Article Image

IPFS News Link • Government

Michael Roberts: One Man Against the Surveillance State

• lewrockwell.com

"I don’t know why everybody is running to buy these expensive and useless machines. I can overcome the body scanners with enough explosives to bring down a Boeing 747. That’s why we haven’t put them in our airport."

~ Rafi Sela, leading Israeli airport security expert, referring to Tel Aviv’s Ben Gurion International Airport, which has some of the toughest security in the world

Michael Roberts, a 35-year-old airline pilot from Memphis, Tennessee, is putting everything on the line for freedom. Concerned about the world his children will grow up in, this father of six young children ranging in age from 10-months to 8-years-old has pitted himself against the American surveillance state as it encroaches upon personal privacy and our constitutional freedoms.

Friday, October 15, 2010, should have been a day like any other for Roberts.
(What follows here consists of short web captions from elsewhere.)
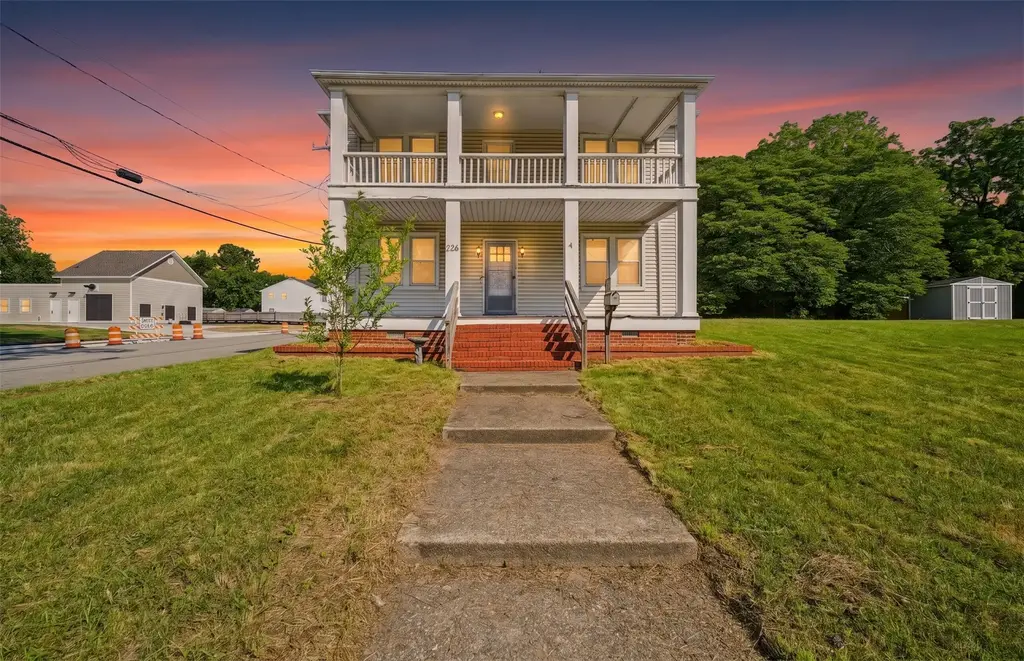 226 S Willard Avenue, Hampton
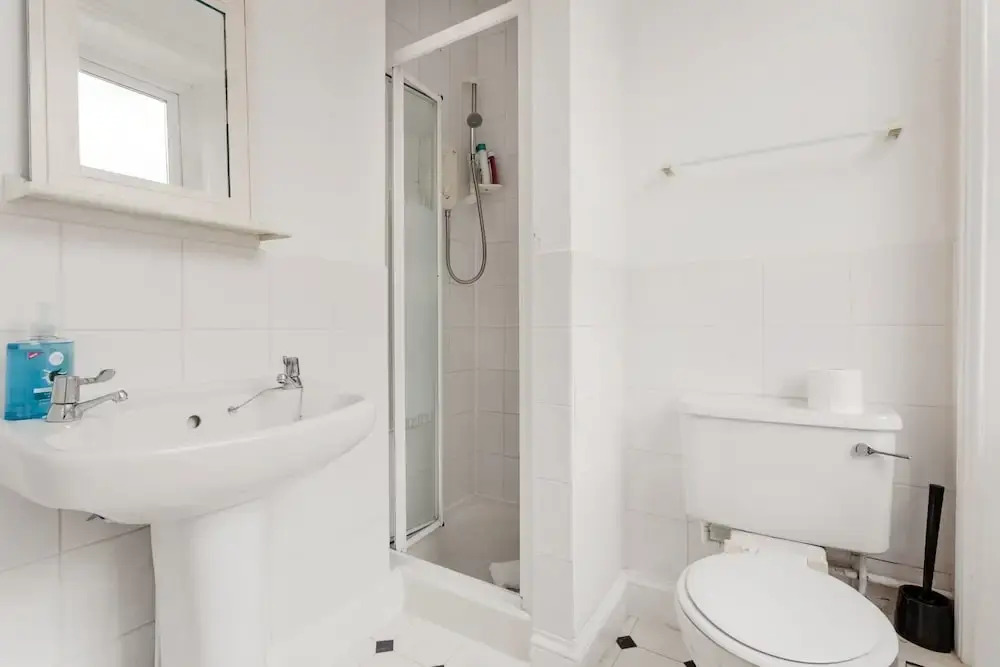 Spacious Studio in West Kensington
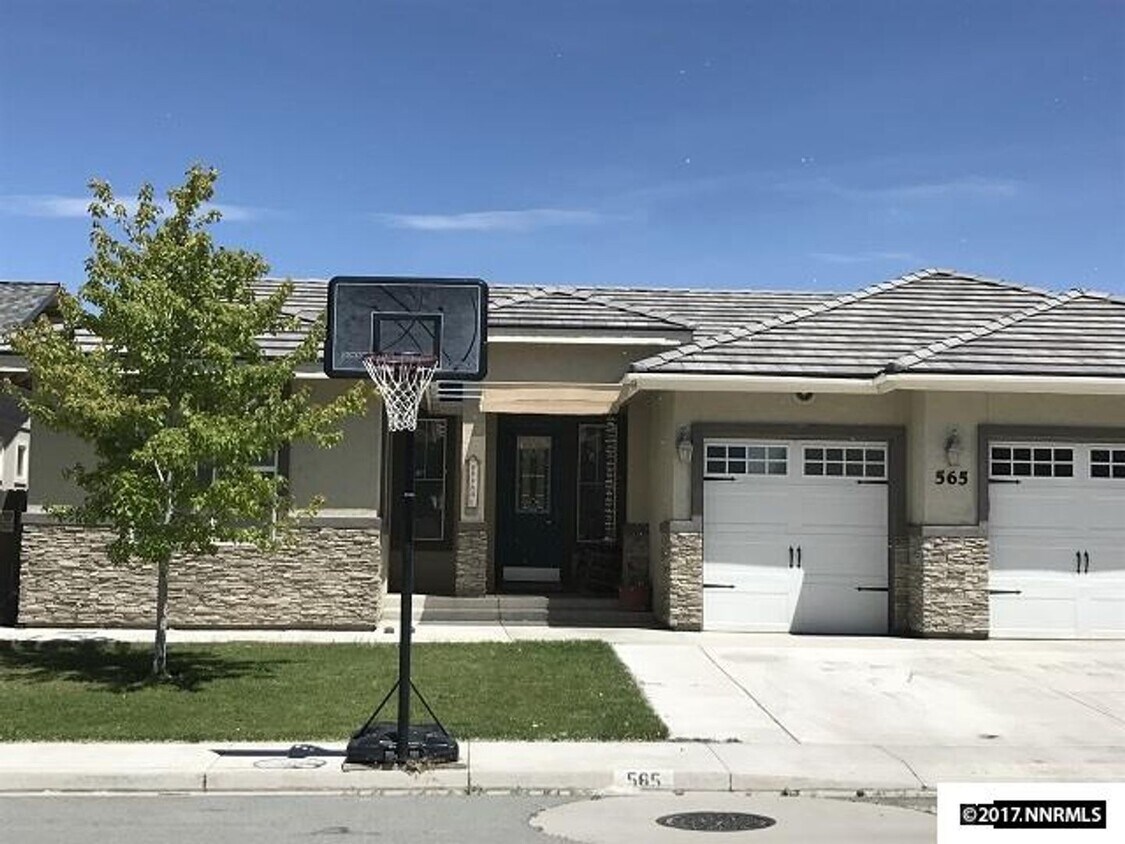 Foto principal - Beautiful Home For Rent!!!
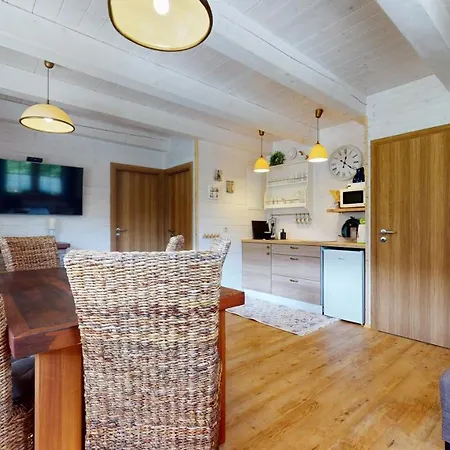 Pri Jazere Apartment *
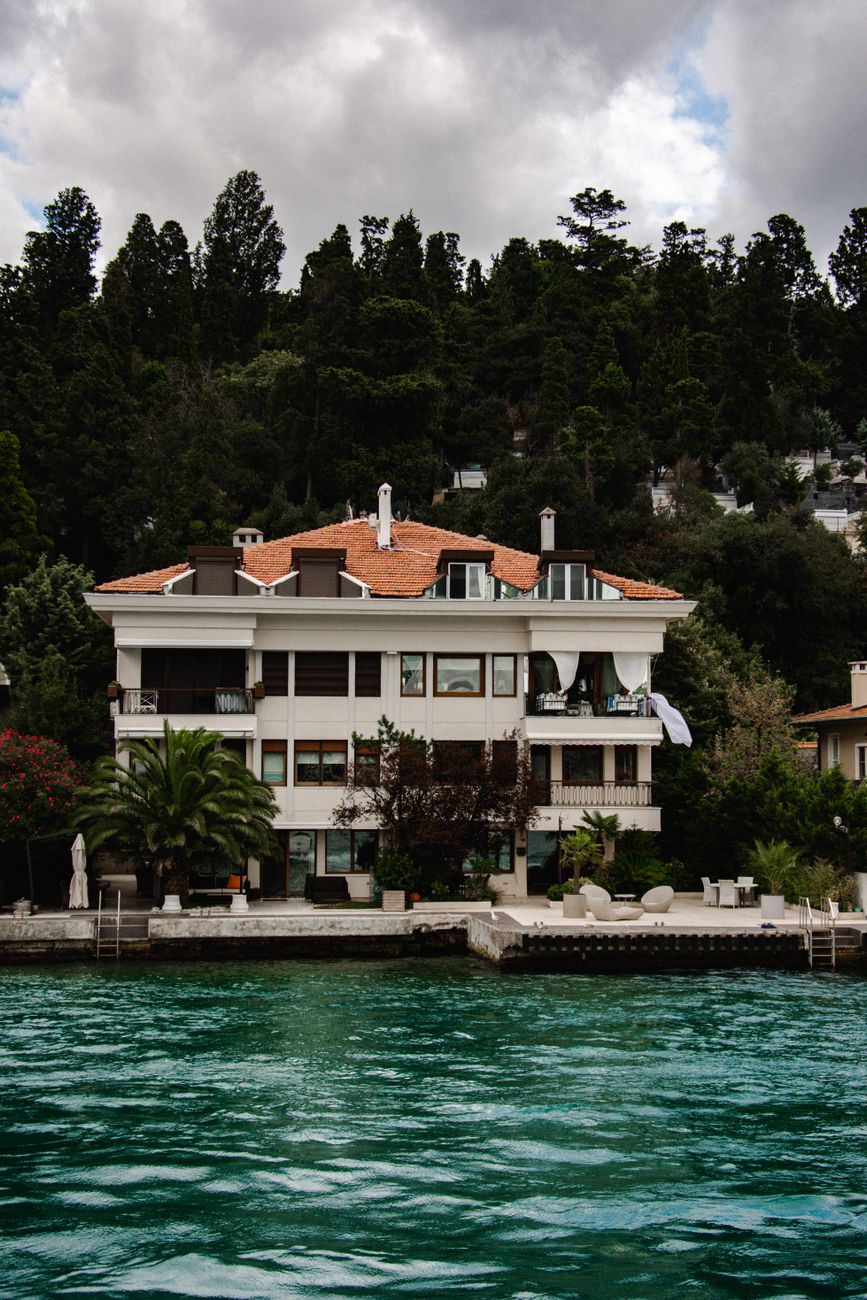 Quiet architectural retreat villa with infinity water view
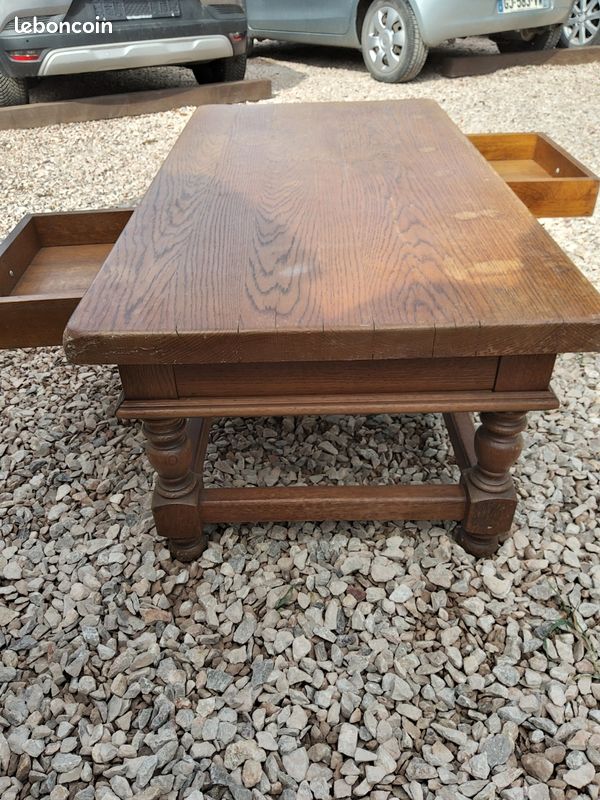 Vend une ancienne table de salon des années 70a80 vintage en bois massif dur longueur 1m20 largeur 64cm hauteur 46cm (image 1)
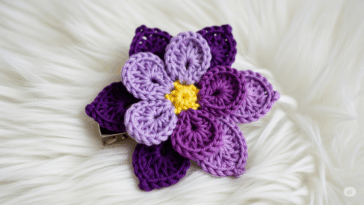 Como confeccionar e combinar presilha de crochê no seu estilo pessoal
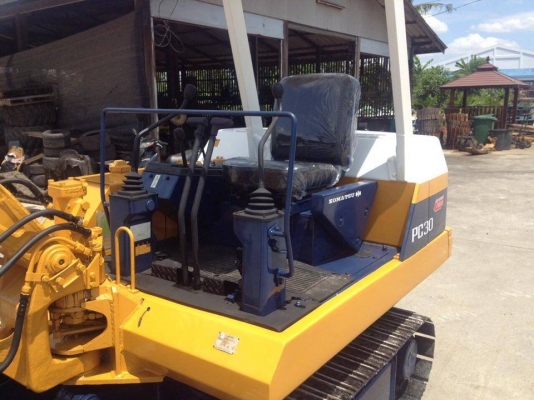 รถขุด แบคโฮล KOMATSU PC30-5 ทำสีใหม่ นำเข้า มือสองญี่ปุ่น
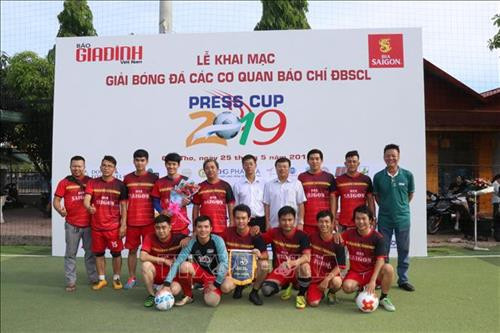 Khai mạc giải bóng đá các cơ quan báo chí Đồng bằng sông Cửu Long năm 2019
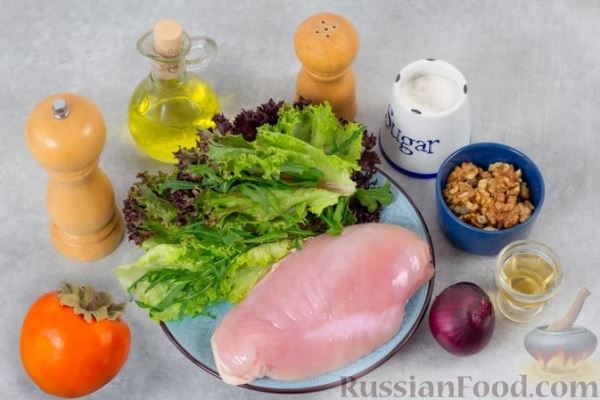 Салат с курицей, хурмой, луком и грецкими орехами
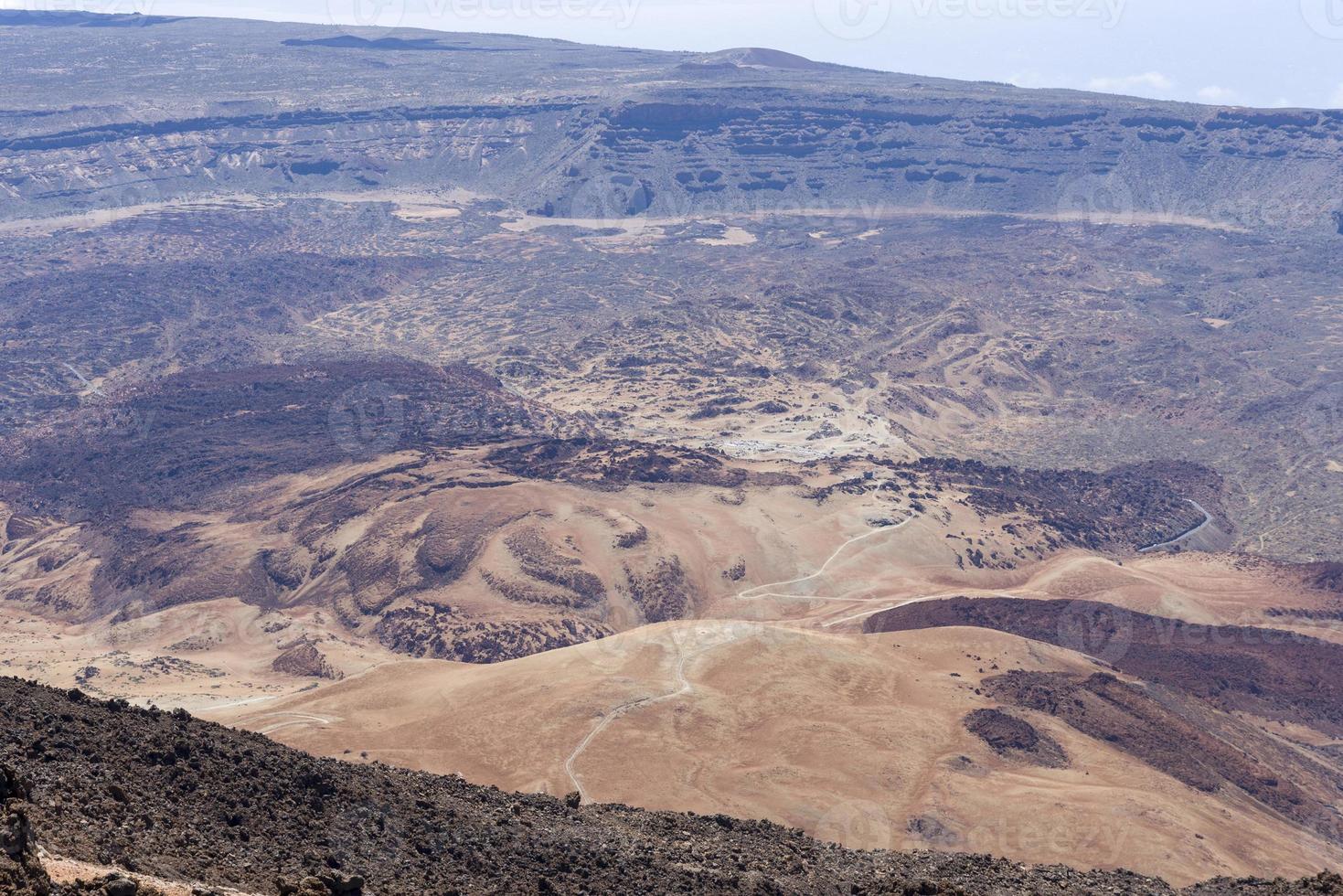 uitzicht vanaf teide las canadas caldera vulkaan met gestolde lava. teide nationaal park berglandschap boven de wolken. tenerife, canarische eilanden, spanje. foto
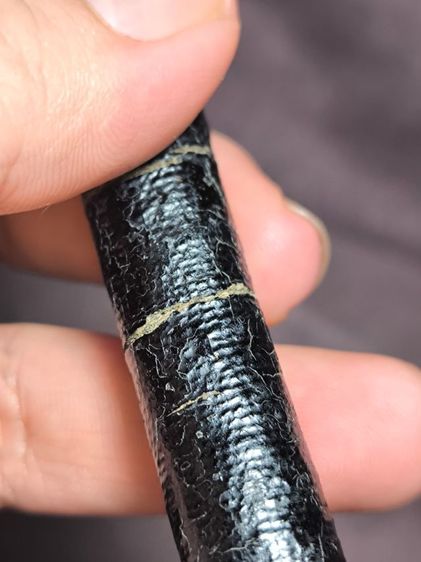 ตะกรุดโทนมหาปราบ หลวงพ่อปาน วัดมงคลโคธาวาส(วัดบางเหี้ย) สมุทรปราการ เนื้อตะกั่วถักเชือกลงรัก สร้างปี 2420-2453 เก่าถึงยุคแบบฉบับ100ปี รูปที่ 4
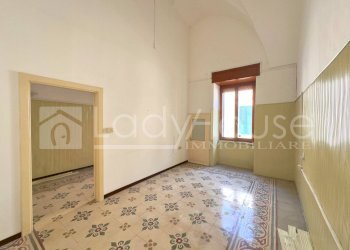 Foto 2 - Casa indipendente Via Dante Alighieri
 
13, Taviano - foto 2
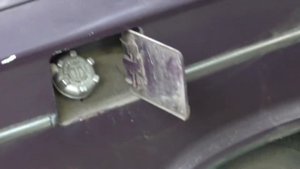 Амбарный замок на лючок бензобака автомобиля.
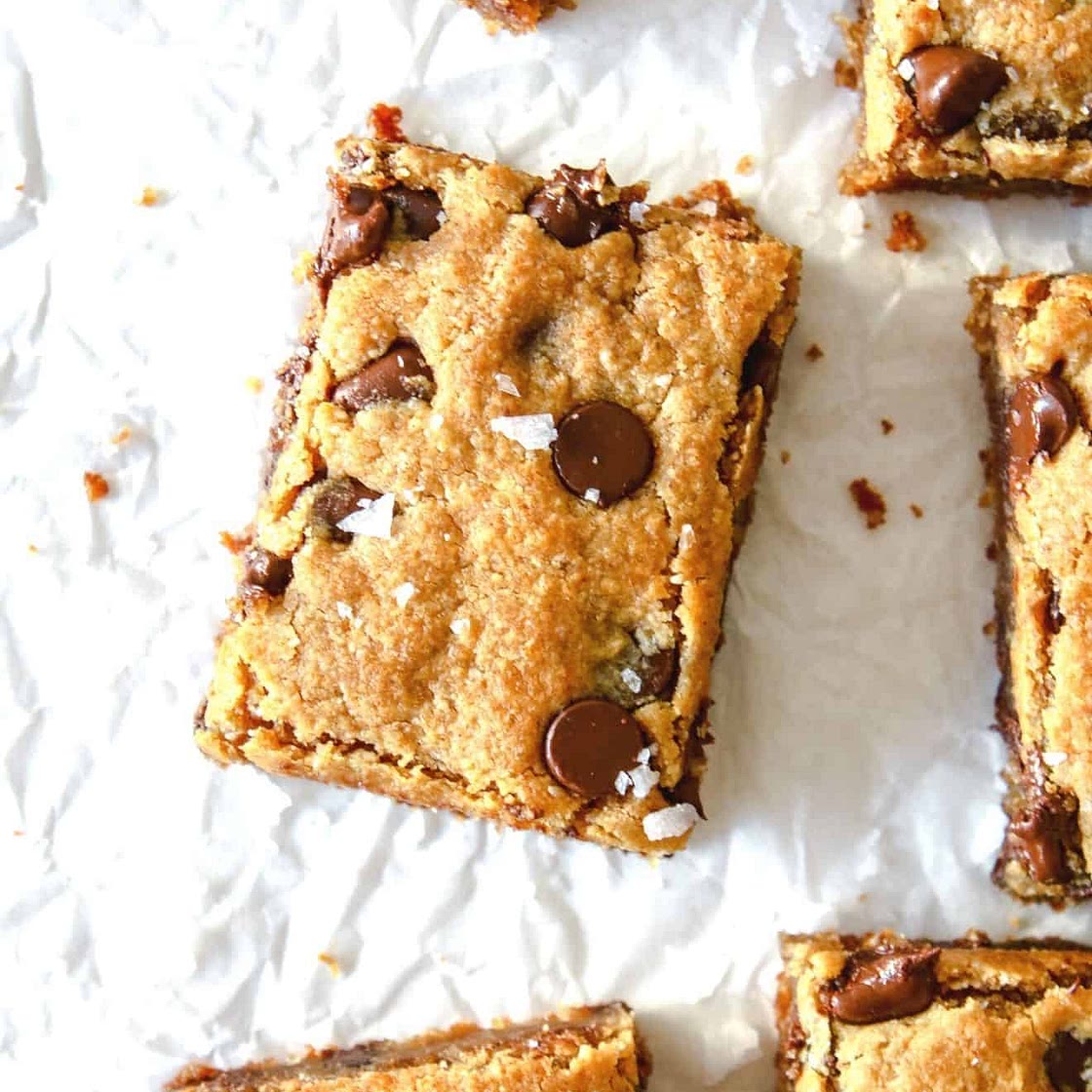 Peanut Butter Chocolate Chip Vegan Blondies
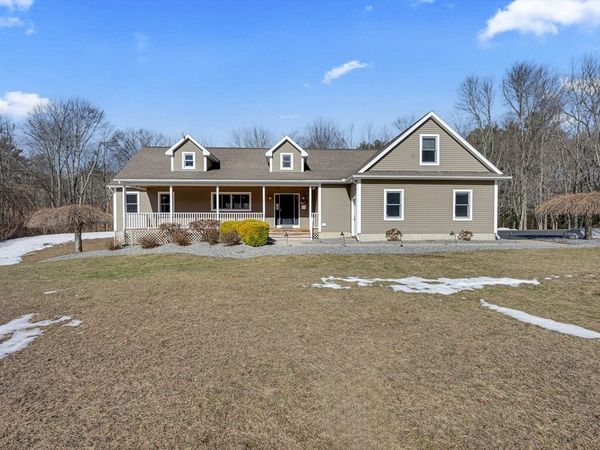 2824 Greenwich Rd, Hardwick, MA 01082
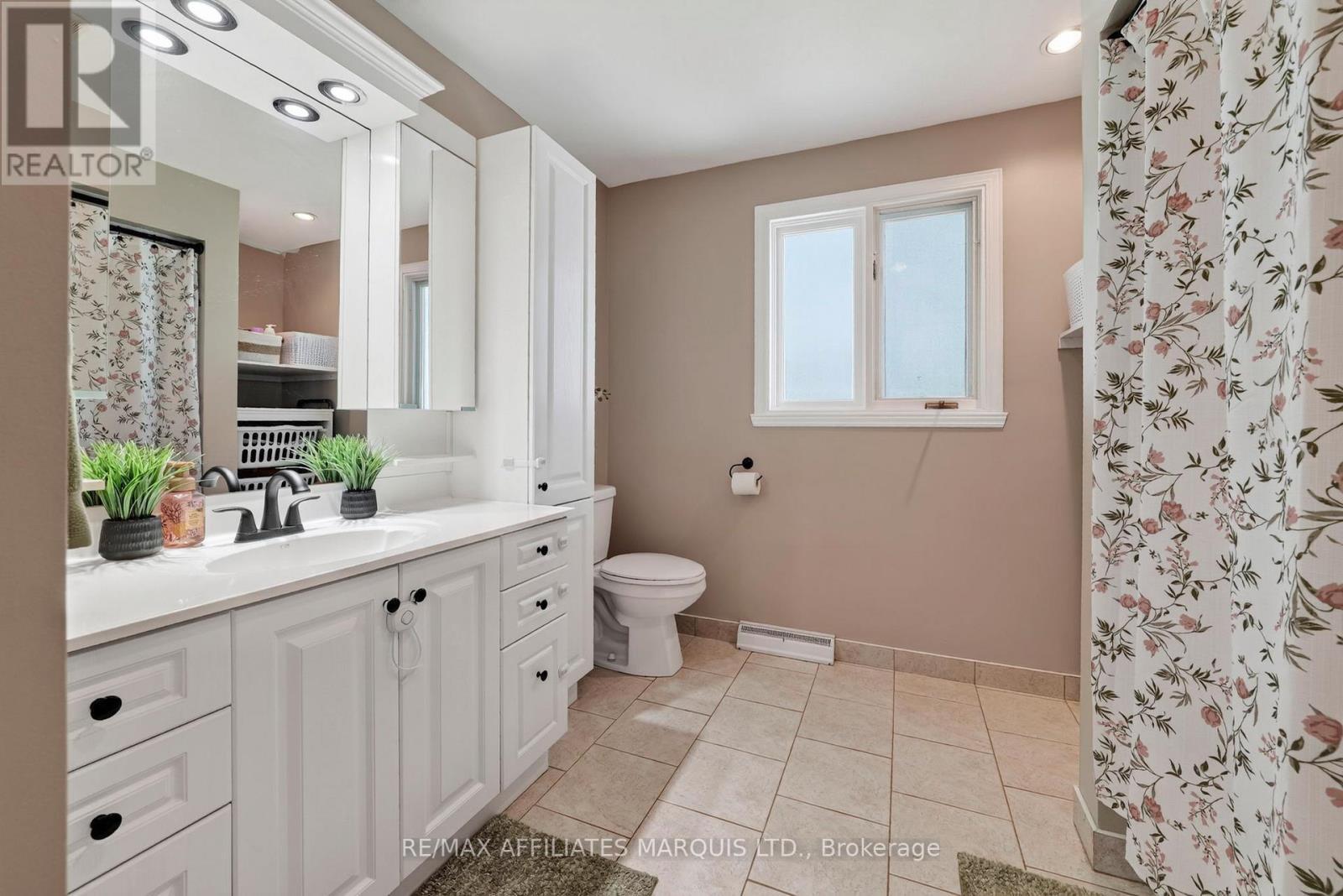 824 Alice Street, Cornwall, ON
While most Americans were gearing up for the end of their work week, Roberts was setting off on his work commute, which takes him from Memphis International Airport to Houston Bush Intercontinental Airport, where he flies an Embraer 145 Regional Jet as a first officer for ExpressJet Airlines. It’s a commute he knows by heart, having done it roughly once a week for 4½ years.


Unfortunately, Roberts never made it to work that day or any day since. In fact, he never made it past the security line at the Memphis airport, which had begun using one of the new Advanced Imaging Technology full-body scanners that are currently being deployed at airports across the nation. Using either x-ray radiation or radio waves, full-body scanners can "see" through clothing to produce images of an individual’s unclothed body, although they are unable to reveal material concealed in body cavities. Critics have likened the scans to "virtual strip searches" because of the degree to which details of the body are revealed. Indeed, the ACLU has urged Congress to prohibit this technology being used in airport screening, arguing that "[p]assengers expect privacy underneath their clothing and should not be required to display highly personal details of their bodies – such as evidence of mastectomies, colostomy appliances, penile implants, catheter tubes, and the size of their breasts or genitals – as a prerequisite to boarding a plane."